## INSTRUCTIONS FOR THE TASK
Exactly as they appear below, repeat the lines from the one with "So it's orange" through the one with "How's it going". Drop every picture.

(Stored items)
───

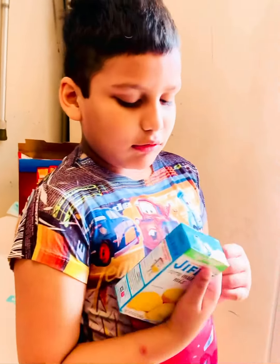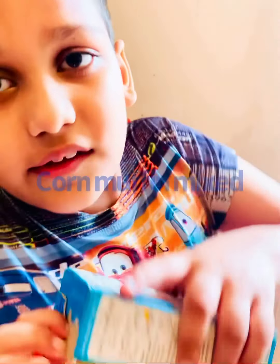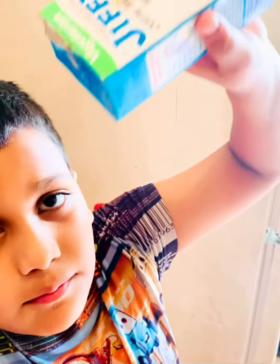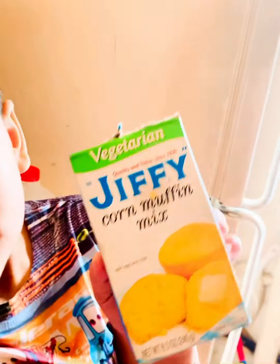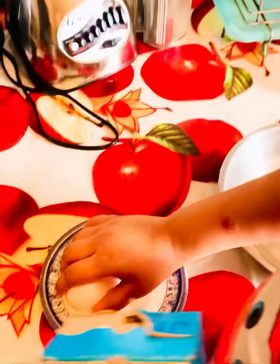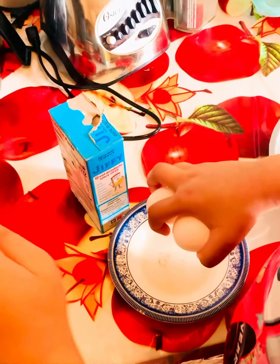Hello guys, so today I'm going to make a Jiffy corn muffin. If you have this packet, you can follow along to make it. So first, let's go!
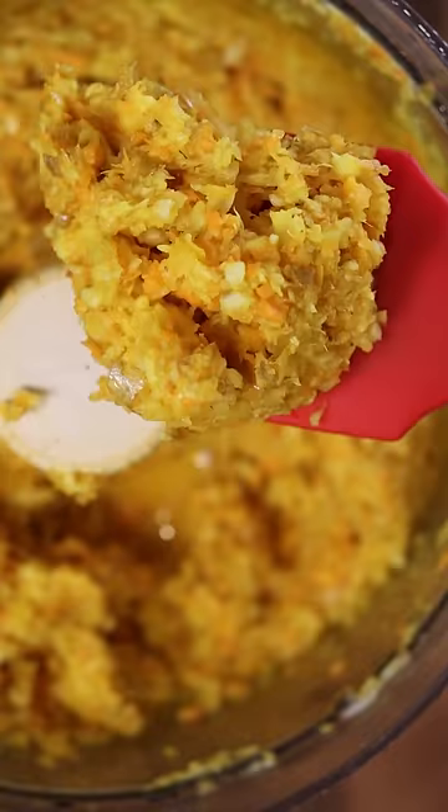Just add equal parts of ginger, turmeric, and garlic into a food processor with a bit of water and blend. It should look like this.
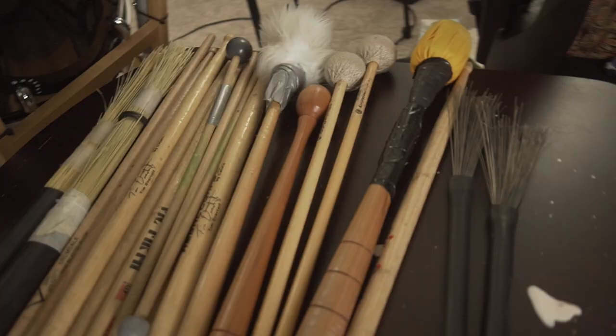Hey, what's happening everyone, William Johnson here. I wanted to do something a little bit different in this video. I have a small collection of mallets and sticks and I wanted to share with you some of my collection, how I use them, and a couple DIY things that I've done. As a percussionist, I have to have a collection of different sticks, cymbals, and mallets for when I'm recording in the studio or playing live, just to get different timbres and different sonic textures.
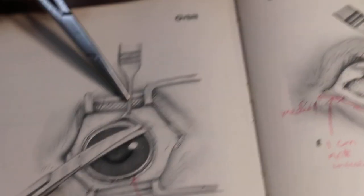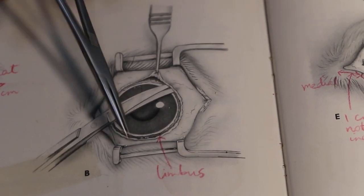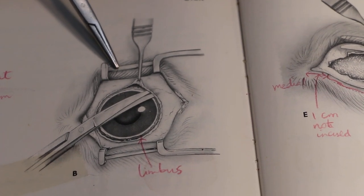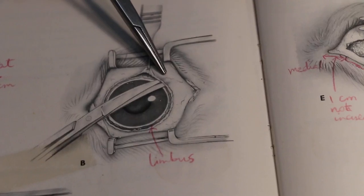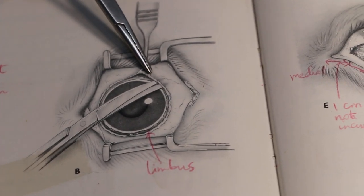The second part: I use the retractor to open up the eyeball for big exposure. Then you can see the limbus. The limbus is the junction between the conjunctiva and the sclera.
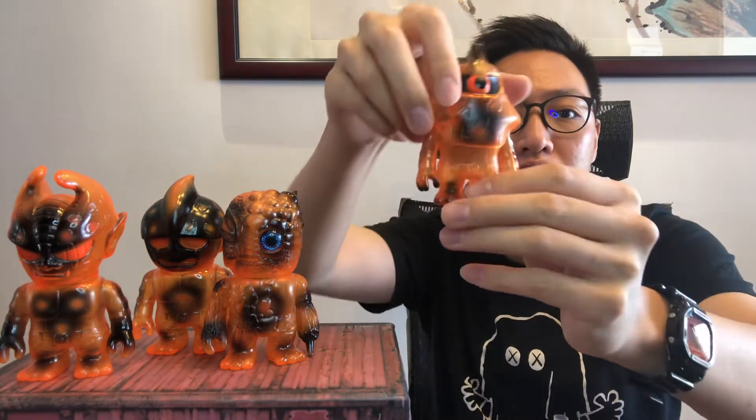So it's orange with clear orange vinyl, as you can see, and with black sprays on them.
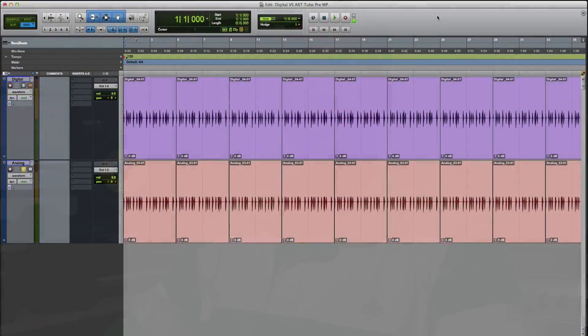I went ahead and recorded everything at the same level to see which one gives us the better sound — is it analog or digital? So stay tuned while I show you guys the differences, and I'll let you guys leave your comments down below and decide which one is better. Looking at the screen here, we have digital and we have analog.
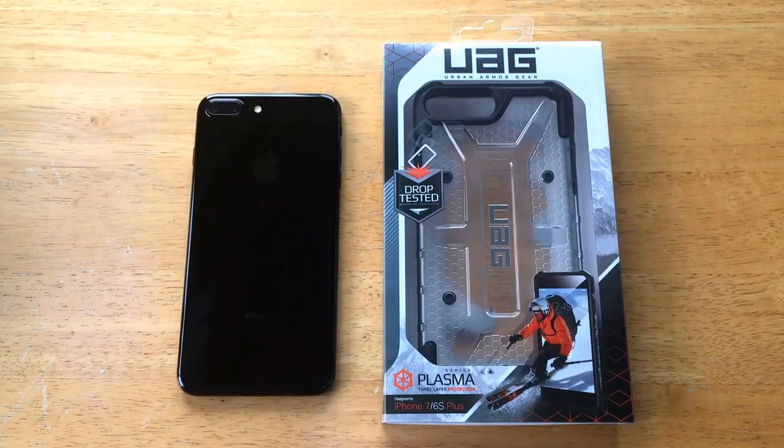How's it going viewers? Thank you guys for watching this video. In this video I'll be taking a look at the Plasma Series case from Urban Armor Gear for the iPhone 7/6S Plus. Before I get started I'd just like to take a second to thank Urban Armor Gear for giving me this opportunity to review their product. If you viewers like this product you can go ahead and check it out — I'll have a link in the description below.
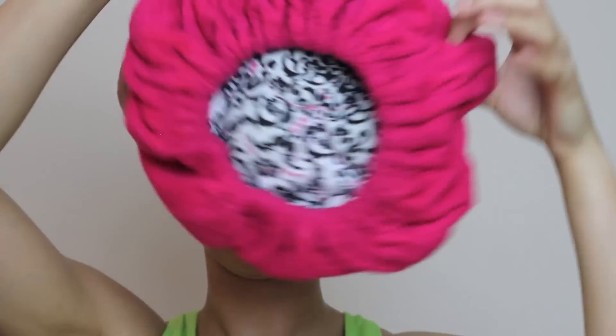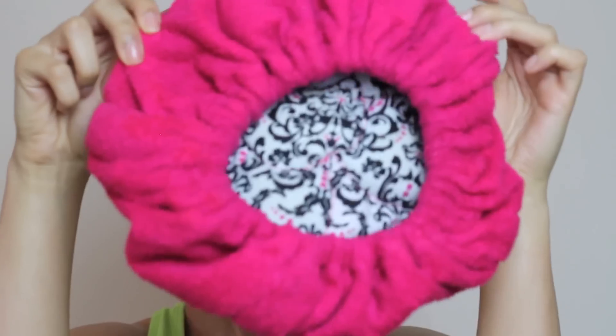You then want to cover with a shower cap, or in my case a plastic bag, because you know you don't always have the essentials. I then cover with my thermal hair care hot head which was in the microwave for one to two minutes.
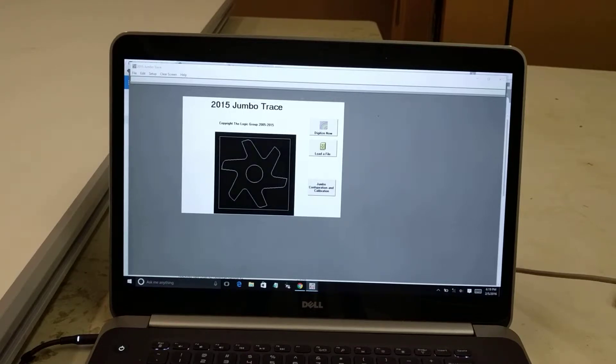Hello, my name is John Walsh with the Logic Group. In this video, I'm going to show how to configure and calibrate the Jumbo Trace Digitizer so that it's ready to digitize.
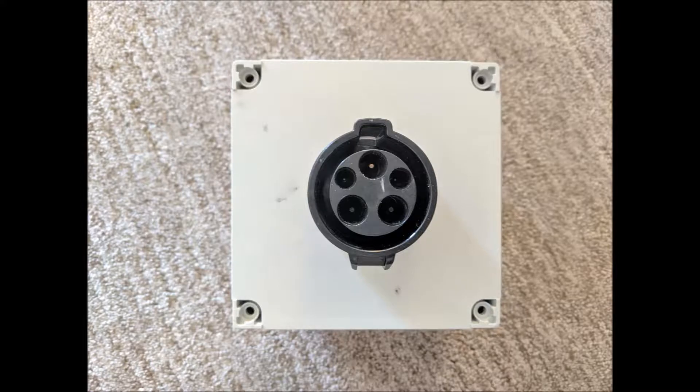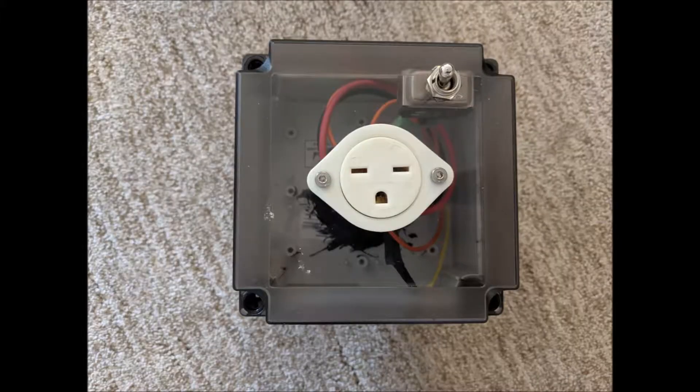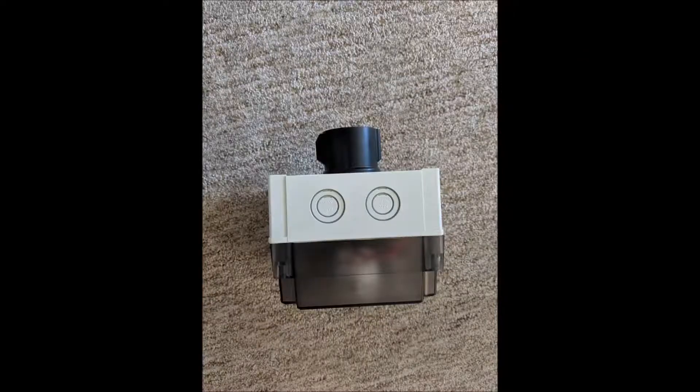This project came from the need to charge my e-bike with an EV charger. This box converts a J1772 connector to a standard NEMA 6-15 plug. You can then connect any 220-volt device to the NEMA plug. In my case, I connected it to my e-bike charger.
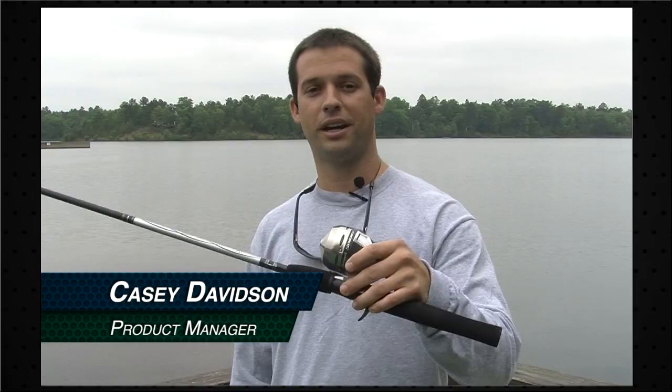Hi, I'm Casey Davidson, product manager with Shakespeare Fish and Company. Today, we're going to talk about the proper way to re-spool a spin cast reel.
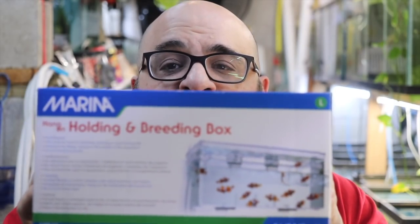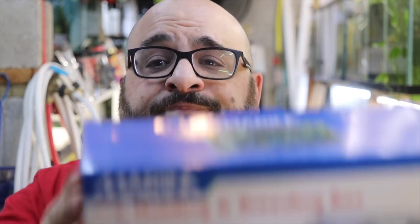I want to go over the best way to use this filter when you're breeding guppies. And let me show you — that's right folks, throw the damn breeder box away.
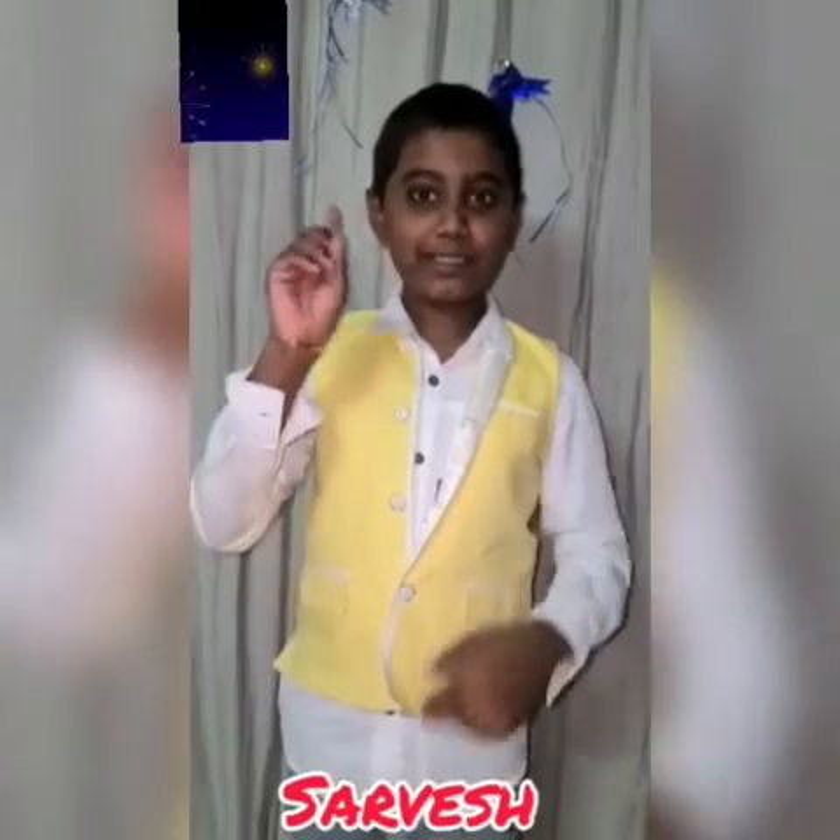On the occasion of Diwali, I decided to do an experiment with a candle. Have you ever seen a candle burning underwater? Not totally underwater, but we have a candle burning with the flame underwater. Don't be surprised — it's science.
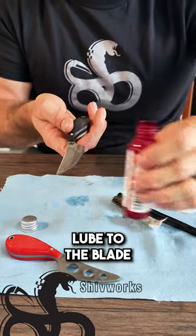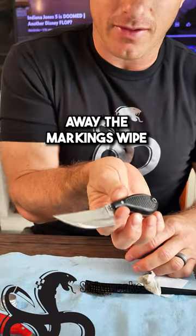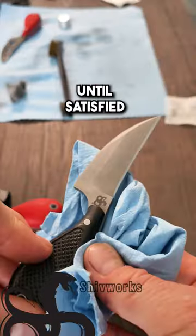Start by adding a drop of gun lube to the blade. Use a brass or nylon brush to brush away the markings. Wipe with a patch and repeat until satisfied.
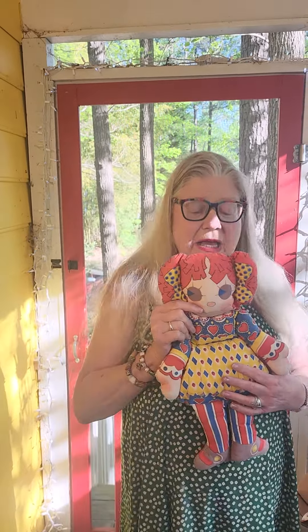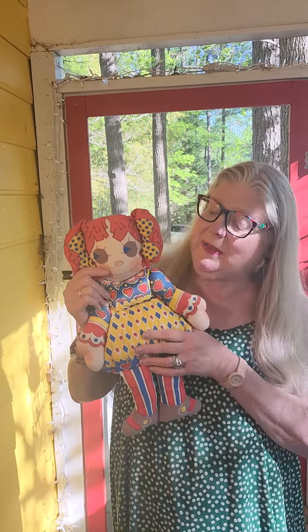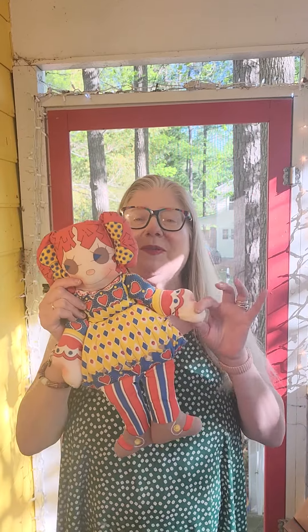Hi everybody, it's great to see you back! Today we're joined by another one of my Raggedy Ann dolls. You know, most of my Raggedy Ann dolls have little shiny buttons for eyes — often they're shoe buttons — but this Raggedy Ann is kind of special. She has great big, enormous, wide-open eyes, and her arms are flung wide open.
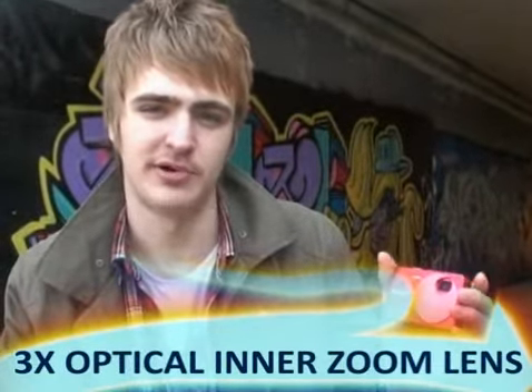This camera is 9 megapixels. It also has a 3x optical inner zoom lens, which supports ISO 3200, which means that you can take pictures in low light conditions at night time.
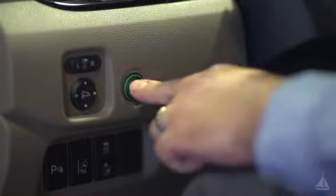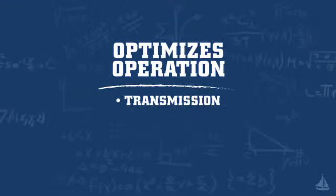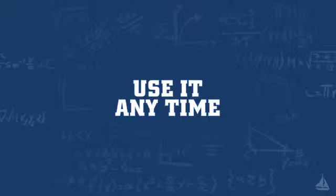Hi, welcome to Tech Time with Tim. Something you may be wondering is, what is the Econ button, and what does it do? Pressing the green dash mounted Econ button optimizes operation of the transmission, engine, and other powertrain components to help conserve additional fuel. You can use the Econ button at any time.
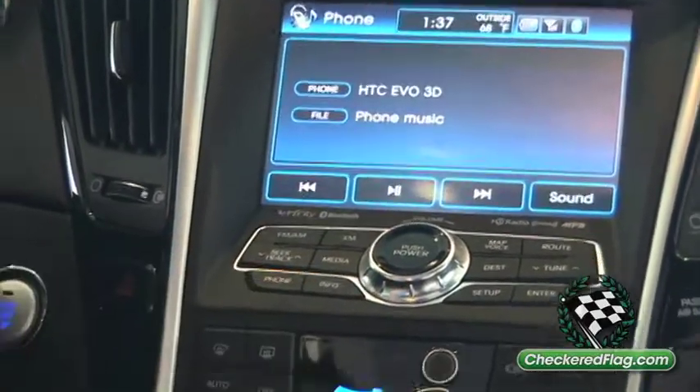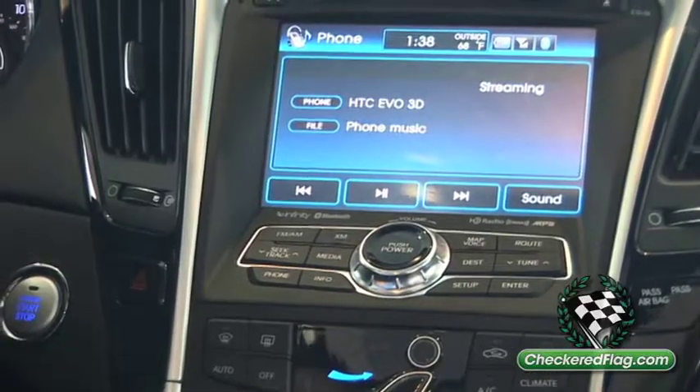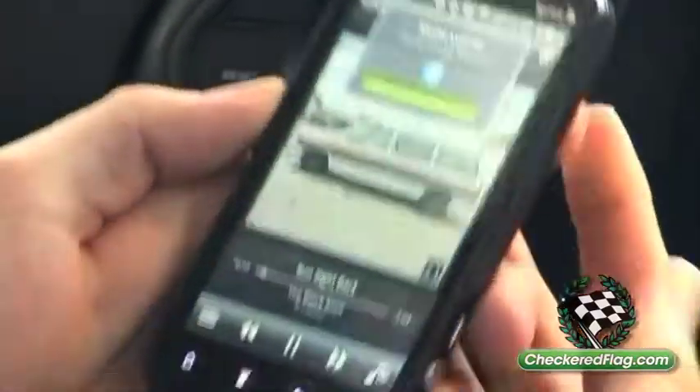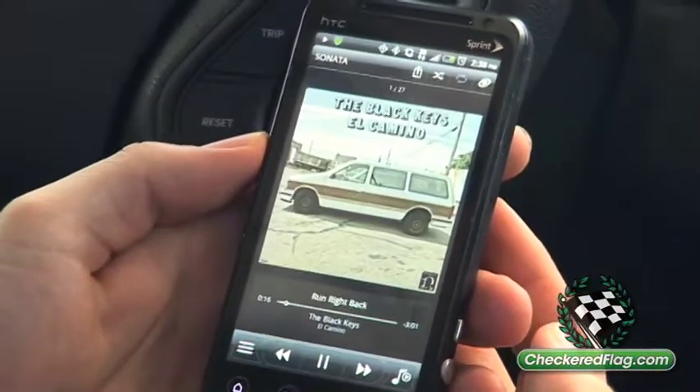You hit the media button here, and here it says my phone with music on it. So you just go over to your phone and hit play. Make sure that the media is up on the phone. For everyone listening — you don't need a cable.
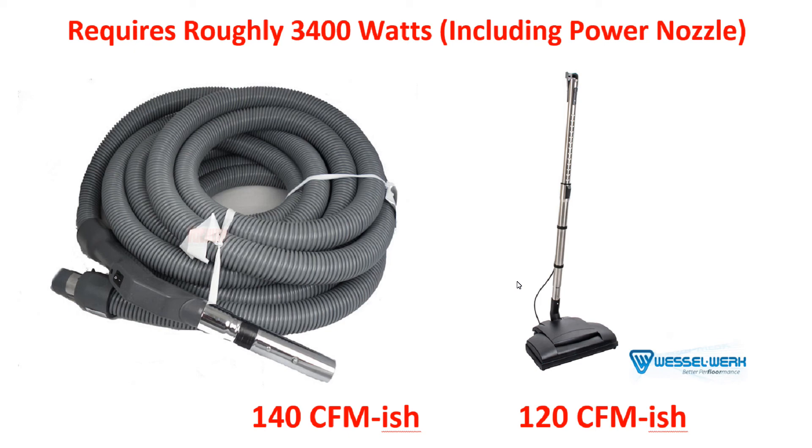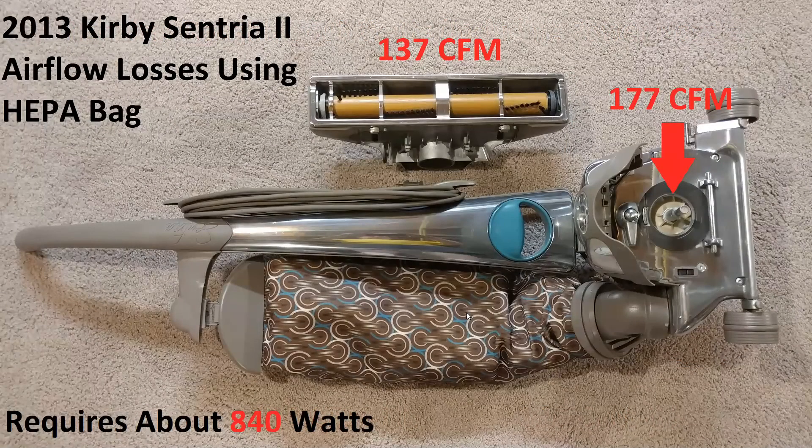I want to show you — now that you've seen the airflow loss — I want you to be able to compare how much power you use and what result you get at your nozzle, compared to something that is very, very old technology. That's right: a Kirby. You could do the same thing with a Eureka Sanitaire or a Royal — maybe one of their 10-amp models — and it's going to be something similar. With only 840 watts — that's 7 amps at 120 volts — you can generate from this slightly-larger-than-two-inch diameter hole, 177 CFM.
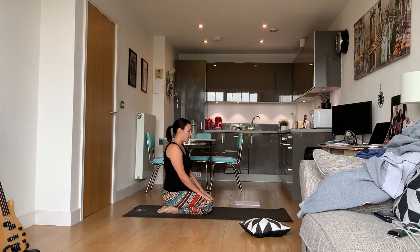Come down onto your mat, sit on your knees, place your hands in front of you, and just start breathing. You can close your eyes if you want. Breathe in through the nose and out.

───

## RESULT
So it's orange with clear orange vinyl, as you can see, and with black sprays on them.
I went ahead and recorded everything at the same level to see which one gives us the better sound — is it analog or digital? So stay tuned while I show you guys the differences, and I'll let you guys leave your comments down below and decide which one is better. Looking at the screen here, we have digital and we have analog.
How's it going viewers? Thank you guys for watching this video. In this video I'll be taking a look at the Plasma Series case from Urban Armor Gear for the iPhone 7/6S Plus. Before I get started I'd just like to take a second to thank Urban Armor Gear for giving me this opportunity to review their product. If you viewers like this product you can go ahead and check it out — I'll have a link in the description below.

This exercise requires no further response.